Work order
From the line that contains "静宁红富士，每天一个果，疾病" through the last line of the data, copy everything exactly and nothing else, omitting the pictures.

==================================================

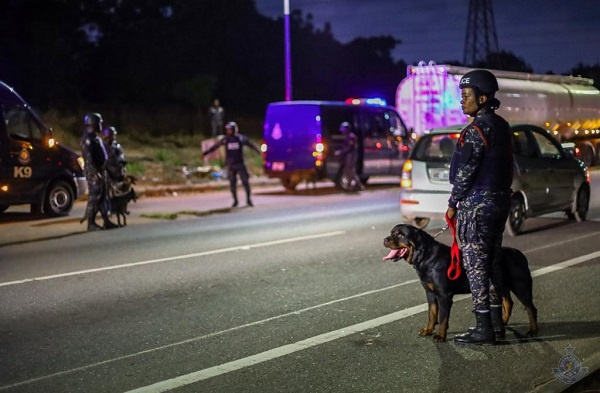 Some police officers with their K9 dogs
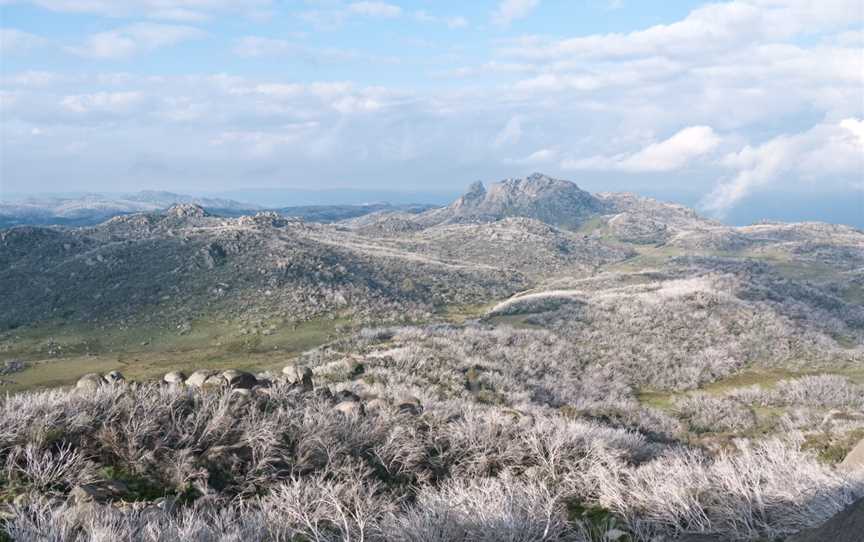 Mt buffalo plateau.jpg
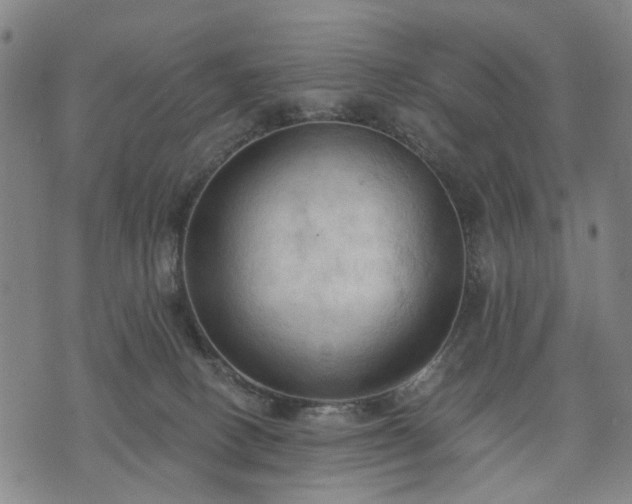 X0000074300082200609011458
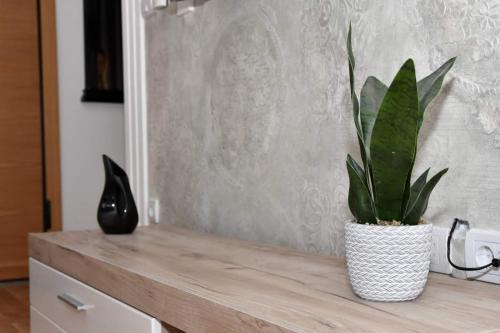 Apartman Elena2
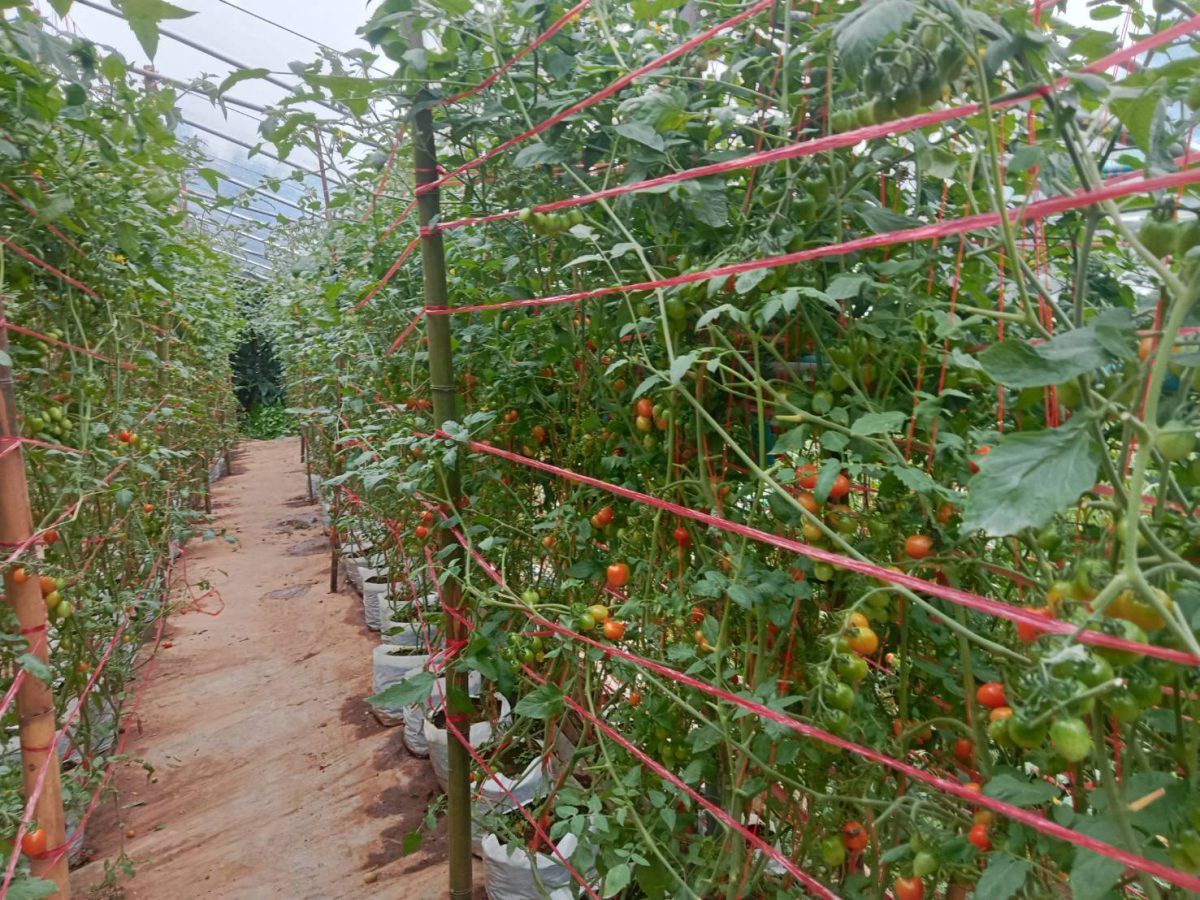 Greenhouse aisle with cherry tomatoes ripening on both sides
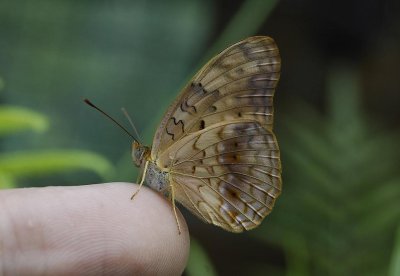 Butterfly on vinger.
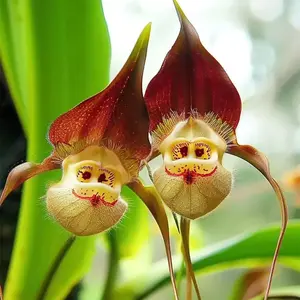 200pcs Mixed Monkey Orchid Seeds for Planting Exotic Monkey Orchid Flowers Seeds Perennial Flowers Seeds Outdoor Garden Orchid Plants Grow Easily All Seasons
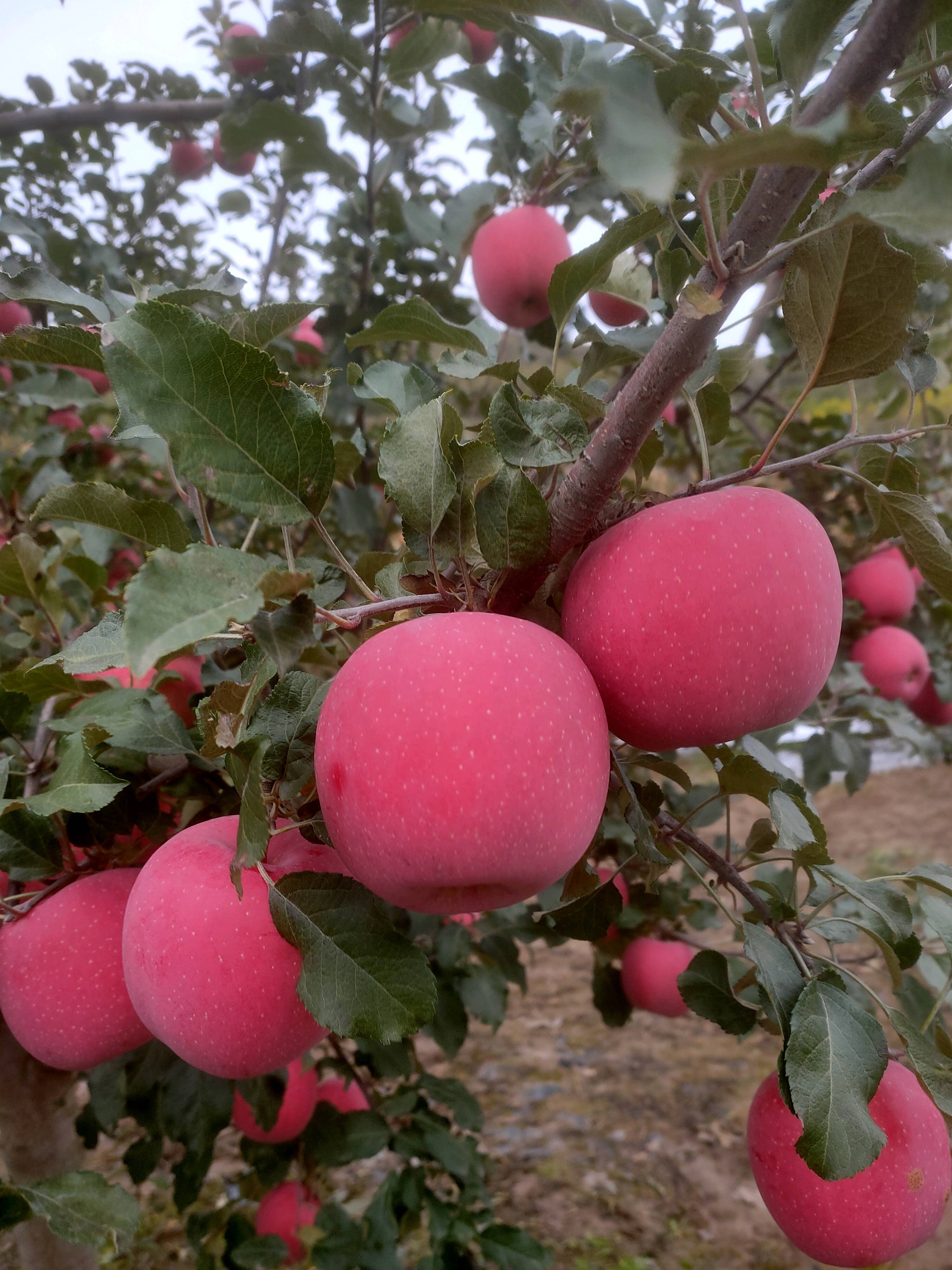 静宁红富士，每天一个果，疾病远离我，静宁县地处北纬37度，果树易栽区，红富士苹果是我们静宁人民的脱贫果，也是全国^民的幸福果，平安果。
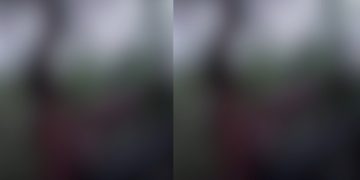 Vídeo: homens colocam cobras para fora e fazem vuc0-vuc0 na Ponta Negra em Manaus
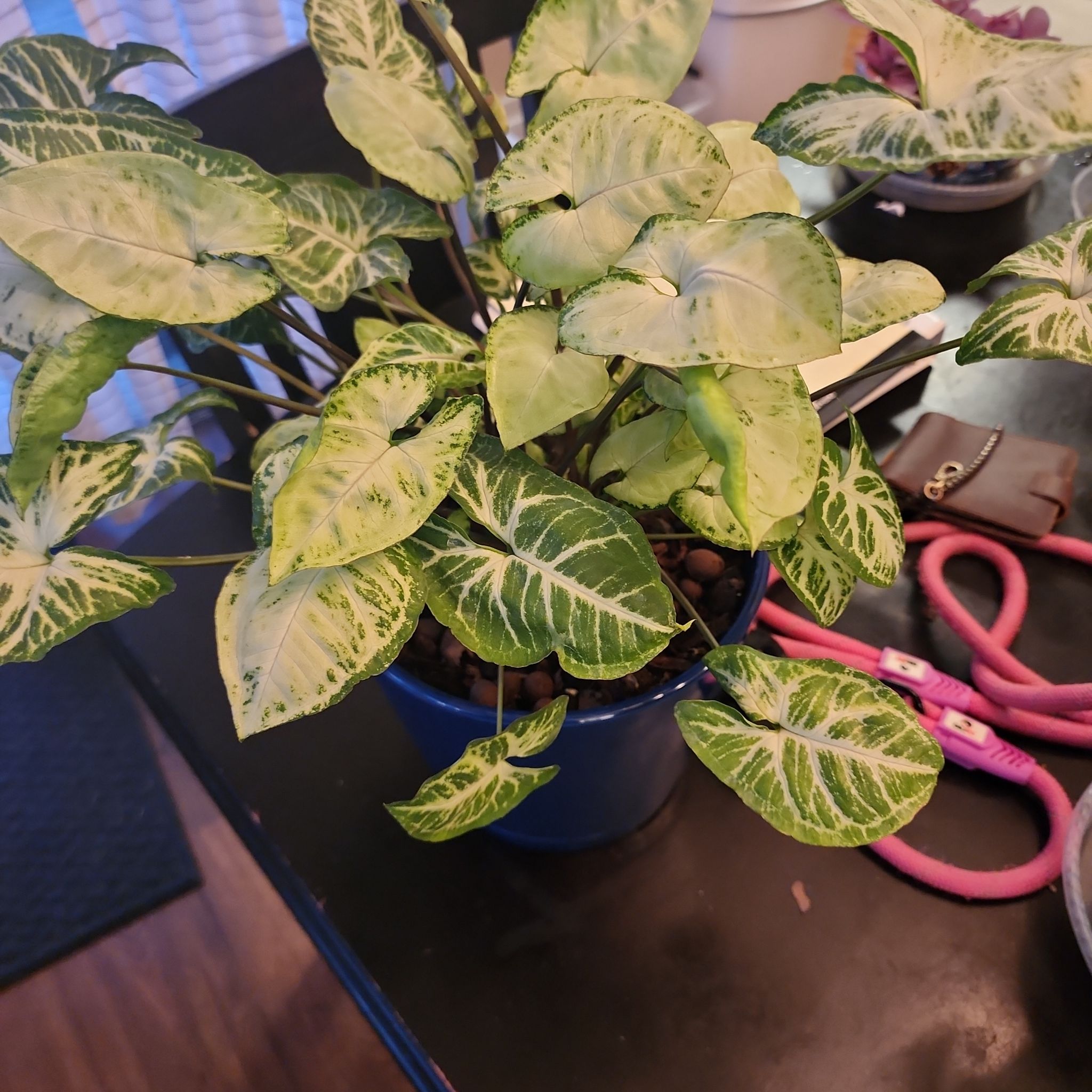 Syngonium 'Batik' plant in a blue pot with variegated green and white leaves.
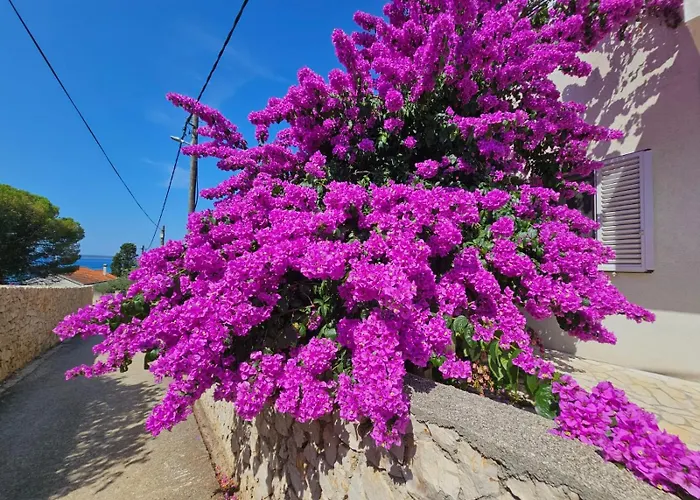 Belvedere Апартаменты Силба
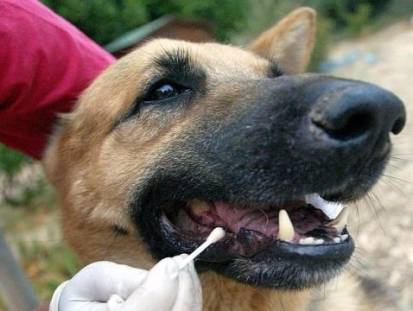 Test ADN d'un chien : connaître les races d'un chien croisé
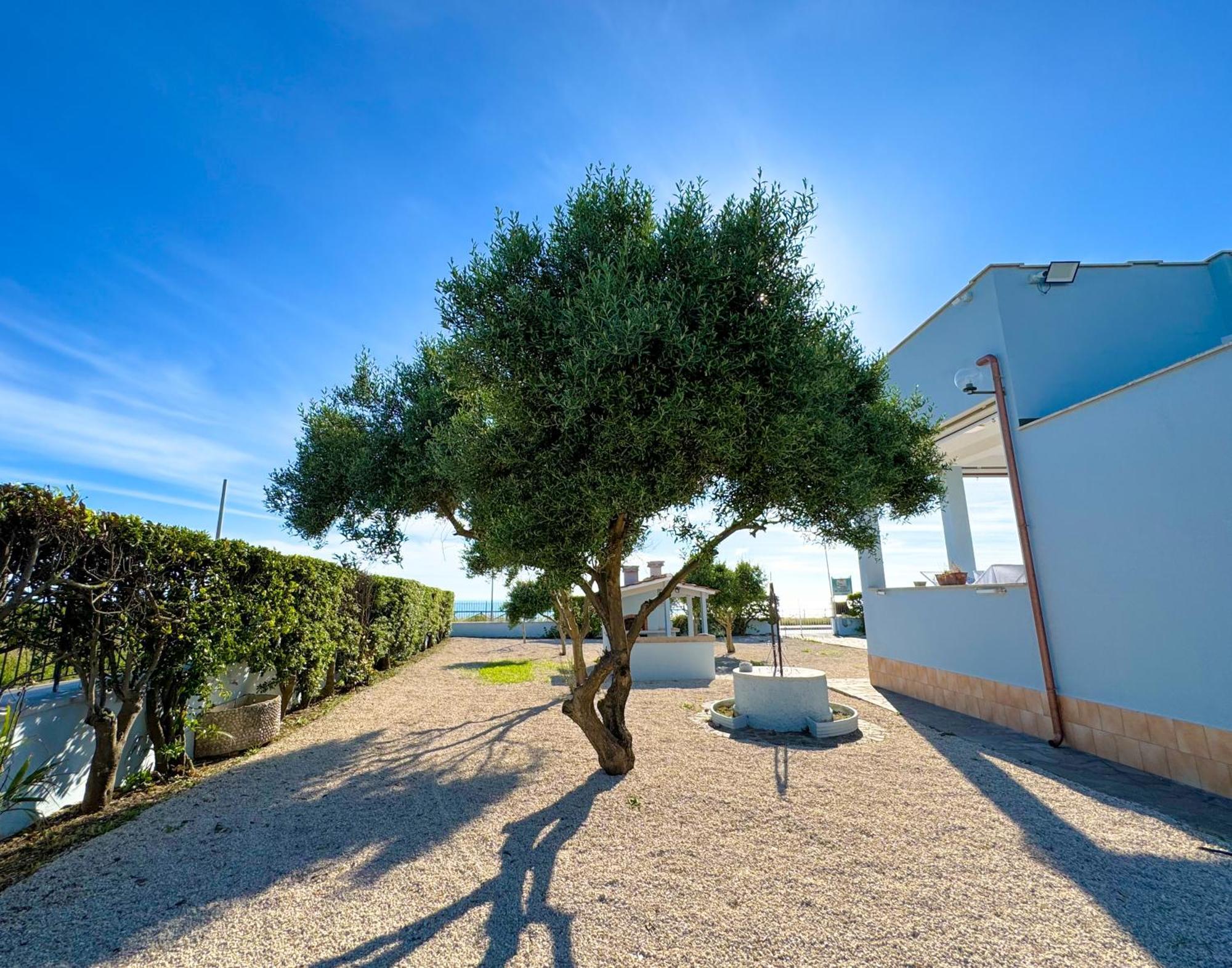 Edo House Anzio - Beachfront - Fronte Mare - Affittacamere 외부 사진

==================================================

Expected answer
 静宁红富士，每天一个果，疾病远离我，静宁县地处北纬37度，果树易栽区，红富士苹果是我们静宁人民的脱贫果，也是全国^民的幸福果，平安果。
 Vídeo: homens colocam cobras para fora e fazem vuc0-vuc0 na Ponta Negra em Manaus
 Syngonium 'Batik' plant in a blue pot with variegated green and white leaves.
 Belvedere Апартаменты Силба
 Test ADN d'un chien : connaître les races d'un chien croisé
 Edo House Anzio - Beachfront - Fronte Mare - Affittacamere 외부 사진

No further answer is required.